§ Records to use:

########################################

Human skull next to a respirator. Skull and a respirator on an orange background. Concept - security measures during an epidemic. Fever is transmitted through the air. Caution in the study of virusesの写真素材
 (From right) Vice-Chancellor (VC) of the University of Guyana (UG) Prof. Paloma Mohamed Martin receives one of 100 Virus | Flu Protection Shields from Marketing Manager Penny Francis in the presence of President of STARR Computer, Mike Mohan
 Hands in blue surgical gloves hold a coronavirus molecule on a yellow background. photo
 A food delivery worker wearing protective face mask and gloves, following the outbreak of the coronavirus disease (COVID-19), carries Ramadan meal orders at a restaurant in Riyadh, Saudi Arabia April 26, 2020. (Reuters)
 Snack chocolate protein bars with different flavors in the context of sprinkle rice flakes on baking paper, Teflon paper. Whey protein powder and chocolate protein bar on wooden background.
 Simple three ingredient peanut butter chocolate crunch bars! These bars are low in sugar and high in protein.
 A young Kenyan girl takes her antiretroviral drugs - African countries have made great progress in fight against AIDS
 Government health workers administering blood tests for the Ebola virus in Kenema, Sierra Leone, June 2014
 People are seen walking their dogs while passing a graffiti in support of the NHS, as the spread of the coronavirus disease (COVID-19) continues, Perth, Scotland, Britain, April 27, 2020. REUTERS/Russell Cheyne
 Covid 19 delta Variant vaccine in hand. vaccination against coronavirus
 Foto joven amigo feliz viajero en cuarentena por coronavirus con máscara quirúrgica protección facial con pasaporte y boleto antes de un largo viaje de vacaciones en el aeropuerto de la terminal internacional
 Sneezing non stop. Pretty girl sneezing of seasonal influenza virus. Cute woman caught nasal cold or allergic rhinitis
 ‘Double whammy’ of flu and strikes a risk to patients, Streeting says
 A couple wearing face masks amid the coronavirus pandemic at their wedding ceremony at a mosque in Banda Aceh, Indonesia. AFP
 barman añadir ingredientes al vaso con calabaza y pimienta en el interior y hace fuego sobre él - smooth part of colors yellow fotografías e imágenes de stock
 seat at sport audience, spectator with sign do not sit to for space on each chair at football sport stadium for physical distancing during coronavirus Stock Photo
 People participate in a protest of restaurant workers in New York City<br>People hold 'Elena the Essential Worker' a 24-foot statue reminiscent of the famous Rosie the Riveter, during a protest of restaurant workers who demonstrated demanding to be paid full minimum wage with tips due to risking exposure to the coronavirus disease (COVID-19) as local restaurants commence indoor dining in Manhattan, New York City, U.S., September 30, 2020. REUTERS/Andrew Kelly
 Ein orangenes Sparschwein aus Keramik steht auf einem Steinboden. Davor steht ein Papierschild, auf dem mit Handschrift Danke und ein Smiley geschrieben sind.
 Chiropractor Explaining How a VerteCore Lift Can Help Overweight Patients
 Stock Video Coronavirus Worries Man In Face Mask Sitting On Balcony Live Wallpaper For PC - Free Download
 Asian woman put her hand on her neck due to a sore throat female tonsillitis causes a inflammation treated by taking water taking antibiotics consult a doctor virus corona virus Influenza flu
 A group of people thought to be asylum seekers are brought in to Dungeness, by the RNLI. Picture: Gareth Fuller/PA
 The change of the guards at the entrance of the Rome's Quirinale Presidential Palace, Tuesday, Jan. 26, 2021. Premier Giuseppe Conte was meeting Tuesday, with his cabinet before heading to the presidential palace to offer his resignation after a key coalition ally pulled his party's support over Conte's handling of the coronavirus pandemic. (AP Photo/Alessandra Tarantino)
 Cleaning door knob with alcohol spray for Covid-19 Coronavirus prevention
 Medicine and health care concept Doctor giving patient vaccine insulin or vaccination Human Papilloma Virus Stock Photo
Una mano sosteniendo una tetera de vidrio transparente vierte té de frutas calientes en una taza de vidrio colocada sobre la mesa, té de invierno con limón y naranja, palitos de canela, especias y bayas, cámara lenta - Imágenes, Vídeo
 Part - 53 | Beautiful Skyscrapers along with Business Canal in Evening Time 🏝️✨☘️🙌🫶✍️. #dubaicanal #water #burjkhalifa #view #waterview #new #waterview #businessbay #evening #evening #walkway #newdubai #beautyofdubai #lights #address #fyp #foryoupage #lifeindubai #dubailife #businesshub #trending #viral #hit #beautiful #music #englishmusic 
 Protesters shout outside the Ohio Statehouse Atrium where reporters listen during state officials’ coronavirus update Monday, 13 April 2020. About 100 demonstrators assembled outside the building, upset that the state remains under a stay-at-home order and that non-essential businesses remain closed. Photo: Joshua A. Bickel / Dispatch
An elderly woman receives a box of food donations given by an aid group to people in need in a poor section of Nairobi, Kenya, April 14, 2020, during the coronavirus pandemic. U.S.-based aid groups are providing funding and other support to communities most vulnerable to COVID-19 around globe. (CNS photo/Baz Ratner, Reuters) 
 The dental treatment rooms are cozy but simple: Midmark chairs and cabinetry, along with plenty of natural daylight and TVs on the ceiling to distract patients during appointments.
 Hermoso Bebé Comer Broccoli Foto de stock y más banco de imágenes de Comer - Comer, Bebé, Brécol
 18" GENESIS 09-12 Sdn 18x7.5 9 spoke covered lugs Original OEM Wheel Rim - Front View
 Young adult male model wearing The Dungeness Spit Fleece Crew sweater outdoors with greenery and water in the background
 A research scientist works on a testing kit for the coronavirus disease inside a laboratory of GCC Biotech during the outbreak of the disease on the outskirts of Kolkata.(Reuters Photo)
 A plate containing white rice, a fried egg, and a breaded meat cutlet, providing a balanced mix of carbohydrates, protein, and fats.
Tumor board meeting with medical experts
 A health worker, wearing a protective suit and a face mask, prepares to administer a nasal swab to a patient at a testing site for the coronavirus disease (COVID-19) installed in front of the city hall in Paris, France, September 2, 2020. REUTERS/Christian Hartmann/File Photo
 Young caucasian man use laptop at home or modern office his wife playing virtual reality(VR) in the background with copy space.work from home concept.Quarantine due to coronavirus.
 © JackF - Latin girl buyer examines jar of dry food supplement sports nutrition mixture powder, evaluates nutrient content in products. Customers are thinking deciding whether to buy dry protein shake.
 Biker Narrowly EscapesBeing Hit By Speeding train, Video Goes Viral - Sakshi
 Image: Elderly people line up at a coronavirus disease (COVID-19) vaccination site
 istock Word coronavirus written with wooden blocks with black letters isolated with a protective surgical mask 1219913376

########################################

§ Work item: Of the entries listed above, reproduce only the lines starting at the line containing "barman añadir ingredientes" and ending at the line containing "A group of people". Include both, exactly as they stand.

§ Output for this exercise:
 barman añadir ingredientes al vaso con calabaza y pimienta en el interior y hace fuego sobre él - smooth part of colors yellow fotografías e imágenes de stock
 seat at sport audience, spectator with sign do not sit to for space on each chair at football sport stadium for physical distancing during coronavirus Stock Photo
 People participate in a protest of restaurant workers in New York City<br>People hold 'Elena the Essential Worker' a 24-foot statue reminiscent of the famous Rosie the Riveter, during a protest of restaurant workers who demonstrated demanding to be paid full minimum wage with tips due to risking exposure to the coronavirus disease (COVID-19) as local restaurants commence indoor dining in Manhattan, New York City, U.S., September 30, 2020. REUTERS/Andrew Kelly
 Ein orangenes Sparschwein aus Keramik steht auf einem Steinboden. Davor steht ein Papierschild, auf dem mit Handschrift Danke und ein Smiley geschrieben sind.
 Chiropractor Explaining How a VerteCore Lift Can Help Overweight Patients
 Stock Video Coronavirus Worries Man In Face Mask Sitting On Balcony Live Wallpaper For PC - Free Download
 Asian woman put her hand on her neck due to a sore throat female tonsillitis causes a inflammation treated by taking water taking antibiotics consult a doctor virus corona virus Influenza flu
 A group of people thought to be asylum seekers are brought in to Dungeness, by the RNLI. Picture: Gareth Fuller/PA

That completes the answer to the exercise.